The cuts, which the Phoenix City Council will vote on Tuesday, could mean dramatic cutbacks during traditional rush-hour service. Trains currently run every ten minutes during peak rush hour traffic. Cutbacks in service could mean trains would come every twelve minutes, amounting to major inconvenience for some riders.
The cutbacks would also effect weekend service, especially during the early morning hours and in the evening. City Manager David Cavazos says the cuts are necessary for the city to significantly trim operating costs, and the Phoenix City Council are likely to agree. However, efforts are being made by the council to preserve evening service.
Metro Light Rail operates twenty miles of track connecting the central Phoenix corridor with Cities of Tempe and Mesa.
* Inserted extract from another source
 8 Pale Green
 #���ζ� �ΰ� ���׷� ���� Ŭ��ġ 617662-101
Tempe and Mesa have both experienced positive growth since the launch of the light rail, but many valley residents, and visitors alike, question the veracity of the some of the decision making. The 1.4 billion dollar rail system, which inexplicably by-passes Sky Harbor International Airport, has remained at the center of controversy, while racking up an alarming number of minor collisions with valley vehicles.
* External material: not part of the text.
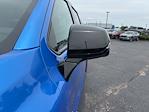 2026 Chevrolet Silverado EV Crew Cab AWD Pickup for sale #TU400781 - photo 3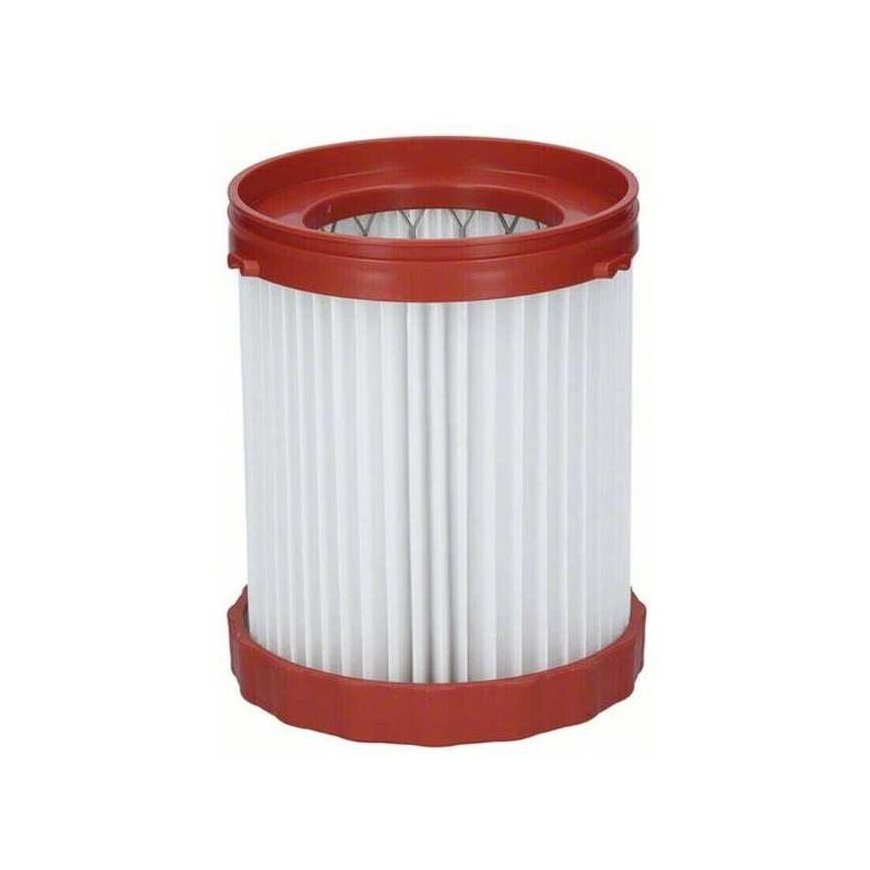 Filter Bosch 1600A011RT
Still, supporters of the light rail are optimistic. Overall, service has been excellent and the light rail a success. Many see the cuts simply as a reflection of difficult economic conditions. The City of Phoenix is currently facing a $240 million deficit in its general fund, caused primarily by the downshift in the economy.
Hillary Foose, Public Information Officer for Metro acknowledged some changes would ultimately be necessary, but encouraged valley residents to participate in the process.
“Anytime you reduce service you impact rider-ship” stated Hillary, who was interviewed for this article. “We take this into account whenever making any changes.” Foose spoke at length about the actual process that goes into determining any changes, but reminds residents the process is open to public discussion.
“Metro currently has two meetings planned”, stated Foose when reached Monday morning. “The first meeting will be held Tuesday, March 2nd, and this is when we really need the input from the public. There are seven options posted on the Metro website, each listing the amount the option would save the budget”. Foose encourages anyone with an interest to visit the Phoenix Metro website and voice your opinion. The second meeting will be held some time next week.
Any changes would not take effect until July, 2010.